Extracted data:

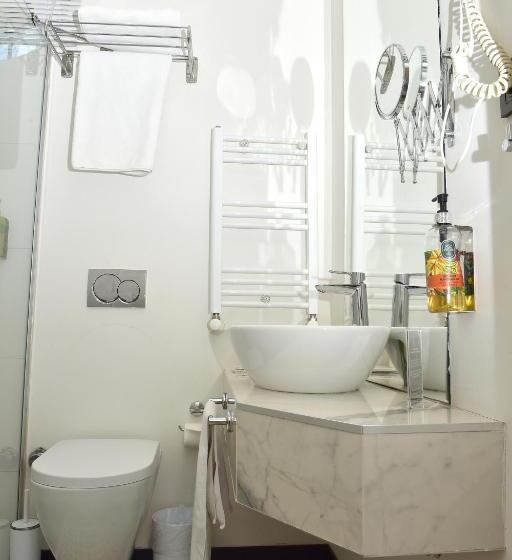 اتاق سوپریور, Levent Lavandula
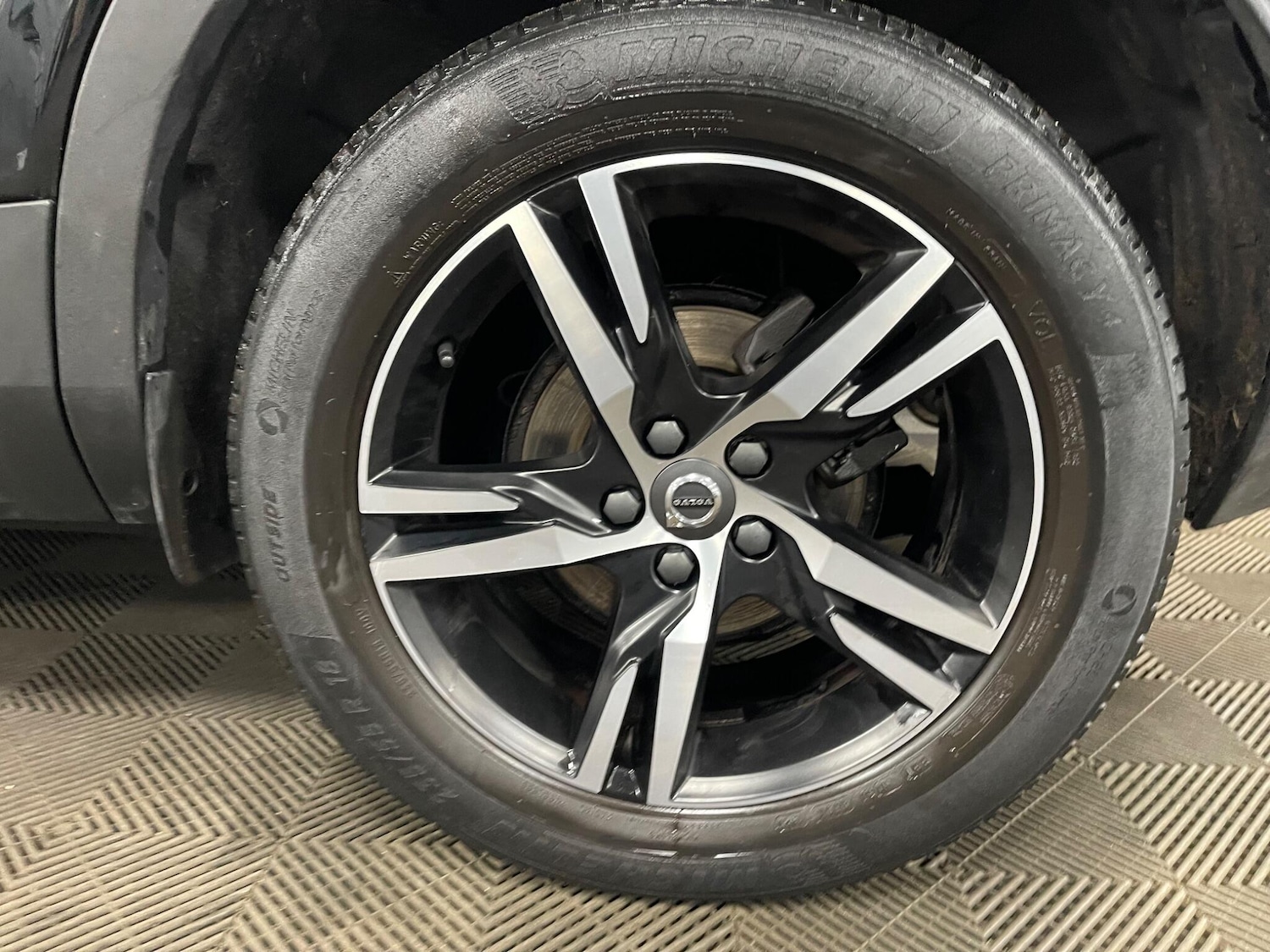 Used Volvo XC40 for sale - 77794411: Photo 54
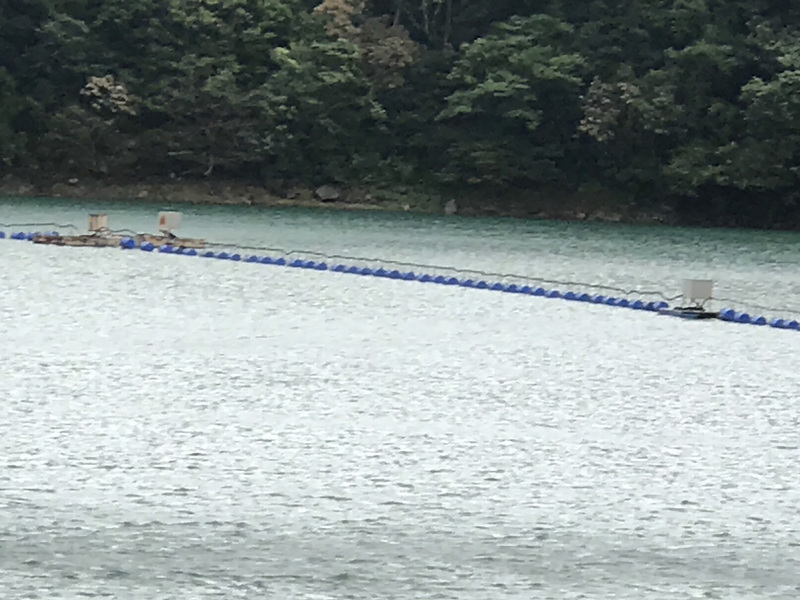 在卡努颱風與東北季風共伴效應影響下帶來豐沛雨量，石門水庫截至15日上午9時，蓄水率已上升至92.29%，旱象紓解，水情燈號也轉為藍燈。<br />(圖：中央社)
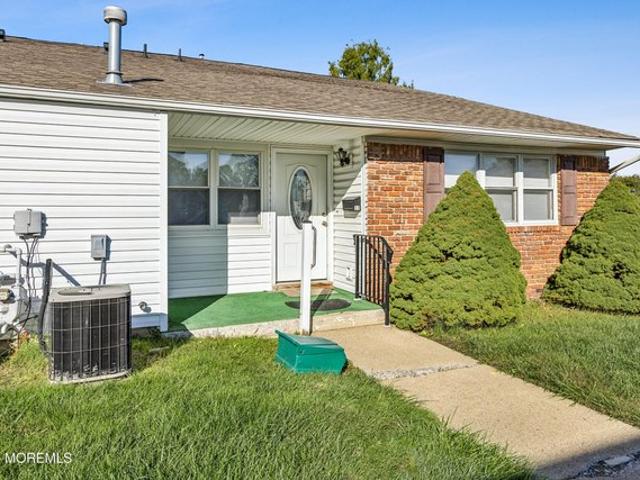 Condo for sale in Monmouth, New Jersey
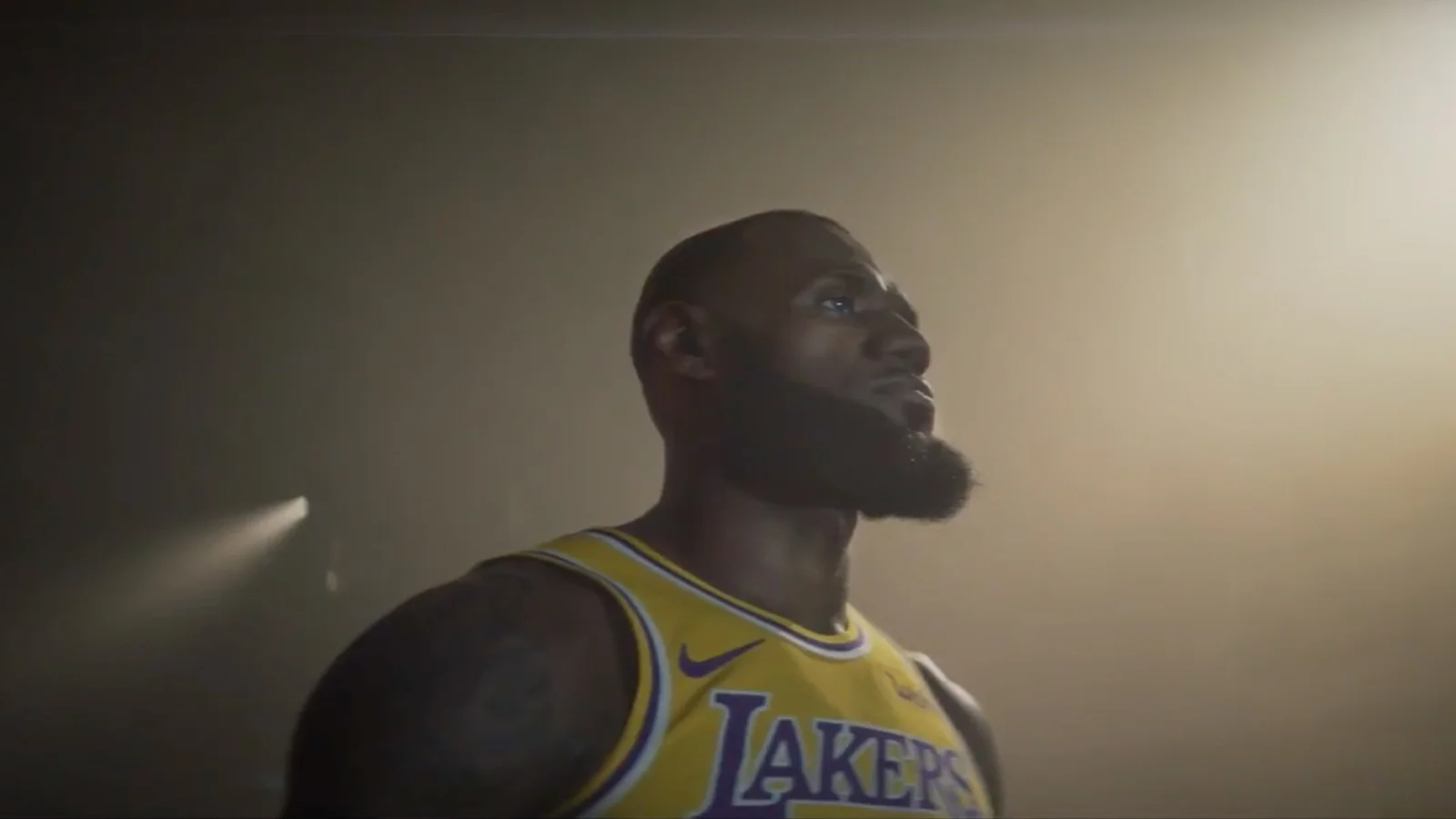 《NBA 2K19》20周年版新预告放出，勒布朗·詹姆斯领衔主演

Instructions for the task:
Excluding pictures, reproduce the listing above exactly as it stands.

Answer for the task:
 اتاق سوپریور, Levent Lavandula
 Used Volvo XC40 for sale - 77794411: Photo 54
 在卡努颱風與東北季風共伴效應影響下帶來豐沛雨量，石門水庫截至15日上午9時，蓄水率已上升至92.29%，旱象紓解，水情燈號也轉為藍燈。<br />(圖：中央社)
 Condo for sale in Monmouth, New Jersey
 《NBA 2K19》20周年版新预告放出，勒布朗·詹姆斯领衔主演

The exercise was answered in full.